No NCAA Injury Reports For 2019 Season

September 14, 2019 Matt Speakman

As more states are legalizing sports gambling the NCAA considered reevaluating their stance on the issue. On July 7, 2019, the NCAA Board of Governors solidified their position opposing the legalization of gambling on collegiate athletics. They decided that no form of betting on college sports is acceptable, even fantasy games and office pools are strictly forbidden. NCAA athletes and administrators are also prohibited from engaging in any form of gambling.

University of Texas player wearing a white uniform and helmet, with orange numbering, lettering, and logo, running with the football

University of Texas player running with the football © Keith Johnston from Pixabay

In recent years the NCAA has become lenient on other issues. Many college stadiums now sell alcohol and the penalties for marijuana have been reduced. Betting on games is where the NCAA draws the line.

Why The NCAA Opposes Gambling

NFL players capable of impacting the outcome of a game earn millions of dollars. If a criminal organization offered an NFL quarterback $20,000 to take a dive while his season’s salary is $20,000,000 he’d laugh in their face.

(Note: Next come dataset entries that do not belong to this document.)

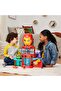 Iron Man & His Awesome Friends 3-Inch Iron Quarters Playset G1259 (Ages 3+) - 4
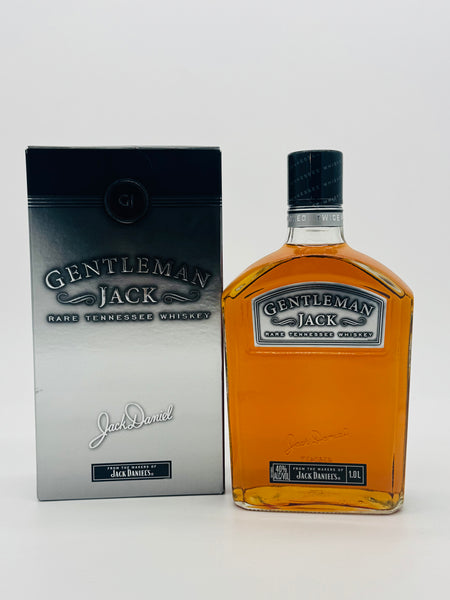 Jack Daniel's Gentleman Jack with Box (1000ml)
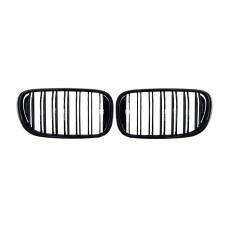Ніздрі Чорний глянець ( Подвійні M-Look ) на BMW 7 Series G11 / G12 2015-2019 року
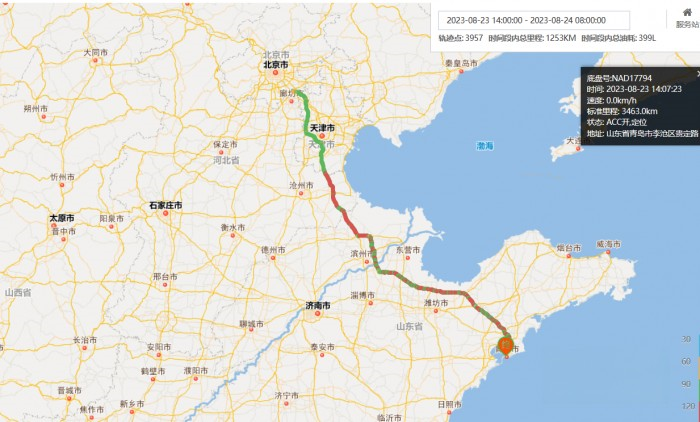 面對每月4萬公里的高強度甩掛運輸，解放鷹途如何實現(xiàn)進口替代？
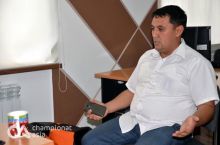"12-sektor" mehmoni - Bahodir Saidov!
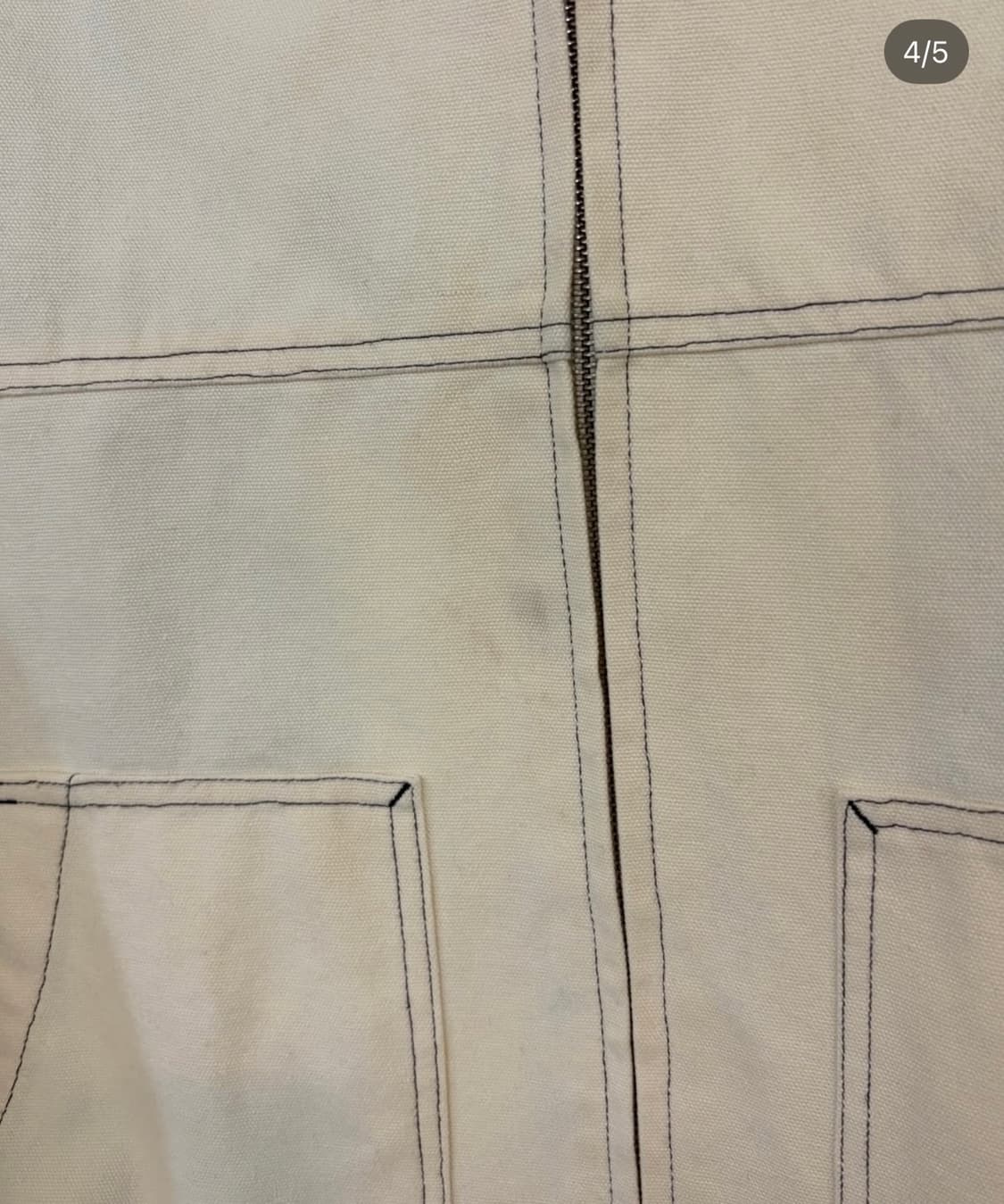 스투시 액티브 워크 자켓  상품이미지5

College players are not financially compensated for playing. They would have the incentive to accept payouts to shave points and fix games. Lead1 represents FBS athletic directors who are accountable for all major college football programs. Tom McMillen is the President of Lead1 and told CBS Sports, “[The NCAA] has got to do something. They leave themselves open to corruption.”

The Injury Report Dilemma

Football is an extremely physical sport making injuries extremely common. Oddsmakers take injuries into account when setting the betting lines and gamblers consider injury data when placing wagers. The NFL understands this and produces a standardized weekly injury report with strictly-enforced guidelines.

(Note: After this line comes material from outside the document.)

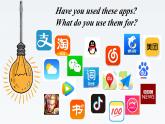 新北师大版高中英语必修二Unit4Information Technology-Lesson2APP课件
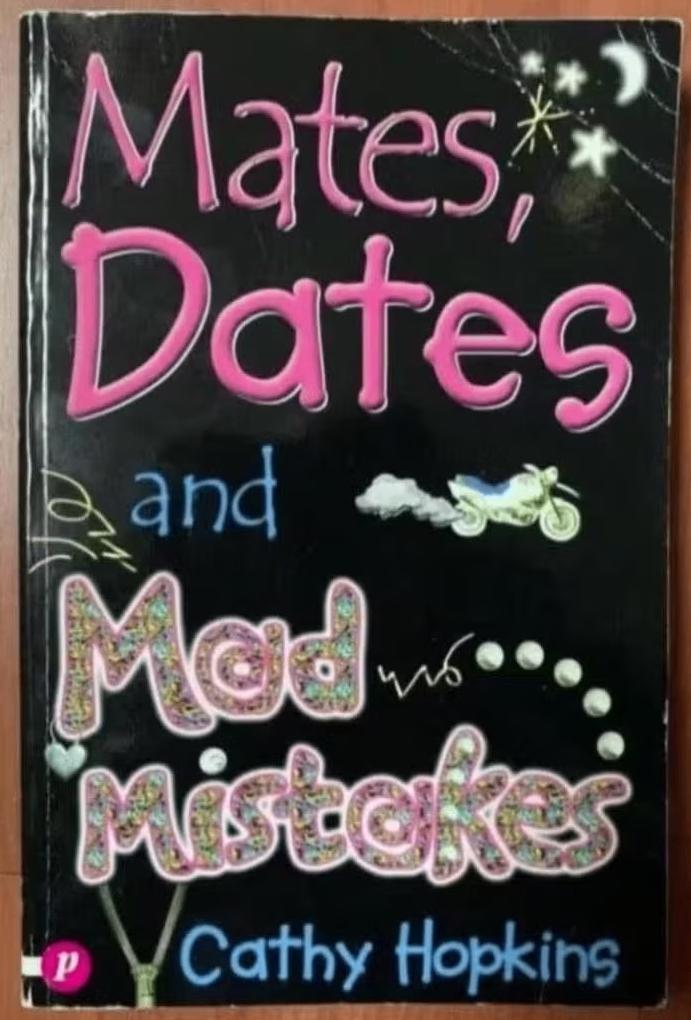 Mates, dates and mad mistakes; Cathy Hopkins; 1853407879, Ophalen of Verzenden, Gelezen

Ohio State University President Michael Drake is chairman of the Board of Governors told the Detroit Free Press, “The ad hoc committee gathered through feedback from conference commissioners, athletic directors, athletic trainers, and student-athletes across all three divisions about potential player availability reporting. The membership has significant concerns about the purpose, parameters, enforcement, about the effectiveness of a player availability reporting model.”

Todd Fuhrman is a gaming analyst for Sportsline and told CBS Sports, “Truth be told I can see both sides. A transparent injury report alleviates any concern of inside knowledge but the only league right now at the pro level where things are shared is the NFL.”

The NCAA would struggle to replicate the NFL’s model for injury reports. The NFL has 32 teams to monitor. The NCAA has over 1,000. The NFL introduced injury reports back in the 1940s. That same decade the NCAA suffered gambling scandals in both football and basketball.

Also, there’s a maturity factor in play. The NFL is comprised of adult professionals. College players are typically between the ages of 18-23 and still have some growing up to do. Take into account that there are far more college players than pros, there are far more opportunities for sensitive information to be leaked compromising the integrity of the games.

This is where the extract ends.